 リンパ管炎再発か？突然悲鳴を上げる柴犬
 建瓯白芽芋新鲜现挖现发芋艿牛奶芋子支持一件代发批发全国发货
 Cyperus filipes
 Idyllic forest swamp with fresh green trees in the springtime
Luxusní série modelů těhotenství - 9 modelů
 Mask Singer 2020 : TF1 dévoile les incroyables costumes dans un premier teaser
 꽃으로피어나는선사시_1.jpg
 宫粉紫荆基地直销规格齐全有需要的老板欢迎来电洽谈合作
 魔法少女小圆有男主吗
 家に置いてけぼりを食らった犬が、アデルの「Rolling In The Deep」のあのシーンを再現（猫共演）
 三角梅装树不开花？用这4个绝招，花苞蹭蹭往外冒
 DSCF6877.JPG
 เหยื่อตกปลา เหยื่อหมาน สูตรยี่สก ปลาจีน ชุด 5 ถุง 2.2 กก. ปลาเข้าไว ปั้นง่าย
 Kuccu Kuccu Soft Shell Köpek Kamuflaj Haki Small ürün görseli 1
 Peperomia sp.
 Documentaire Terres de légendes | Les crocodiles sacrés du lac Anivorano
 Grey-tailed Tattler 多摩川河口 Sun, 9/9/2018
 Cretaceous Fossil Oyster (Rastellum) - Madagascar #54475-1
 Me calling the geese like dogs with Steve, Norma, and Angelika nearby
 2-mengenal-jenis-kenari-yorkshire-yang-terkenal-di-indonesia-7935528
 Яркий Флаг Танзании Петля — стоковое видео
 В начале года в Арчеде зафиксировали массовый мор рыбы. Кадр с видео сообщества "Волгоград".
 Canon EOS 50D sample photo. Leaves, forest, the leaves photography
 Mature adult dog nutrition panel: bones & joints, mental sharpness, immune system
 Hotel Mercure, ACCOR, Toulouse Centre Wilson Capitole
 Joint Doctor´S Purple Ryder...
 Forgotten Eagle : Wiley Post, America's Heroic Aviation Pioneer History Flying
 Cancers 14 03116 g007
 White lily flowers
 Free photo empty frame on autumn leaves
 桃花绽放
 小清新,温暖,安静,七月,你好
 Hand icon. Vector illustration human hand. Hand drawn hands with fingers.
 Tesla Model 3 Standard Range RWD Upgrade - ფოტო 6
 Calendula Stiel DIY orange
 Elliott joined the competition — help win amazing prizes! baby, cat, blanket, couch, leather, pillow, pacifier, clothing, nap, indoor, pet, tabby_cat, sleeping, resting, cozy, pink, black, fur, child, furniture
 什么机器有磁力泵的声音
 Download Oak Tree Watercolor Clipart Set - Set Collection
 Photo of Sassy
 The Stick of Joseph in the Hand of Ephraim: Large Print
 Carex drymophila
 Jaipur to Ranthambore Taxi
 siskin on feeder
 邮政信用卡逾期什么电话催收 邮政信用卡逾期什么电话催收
* * * *
- Assignment: Transcribe exactly, starting at the line with "Elliott joined the" and continuing through the last line of the data above; leave out all earlier lines.

- Answer below:
 Elliott joined the competition — help win amazing prizes! baby, cat, blanket, couch, leather, pillow, pacifier, clothing, nap, indoor, pet, tabby_cat, sleeping, resting, cozy, pink, black, fur, child, furniture
 什么机器有磁力泵的声音
 Download Oak Tree Watercolor Clipart Set - Set Collection
 Photo of Sassy
 The Stick of Joseph in the Hand of Ephraim: Large Print
 Carex drymophila
 Jaipur to Ranthambore Taxi
 siskin on feeder
 邮政信用卡逾期什么电话催收 邮政信用卡逾期什么电话催收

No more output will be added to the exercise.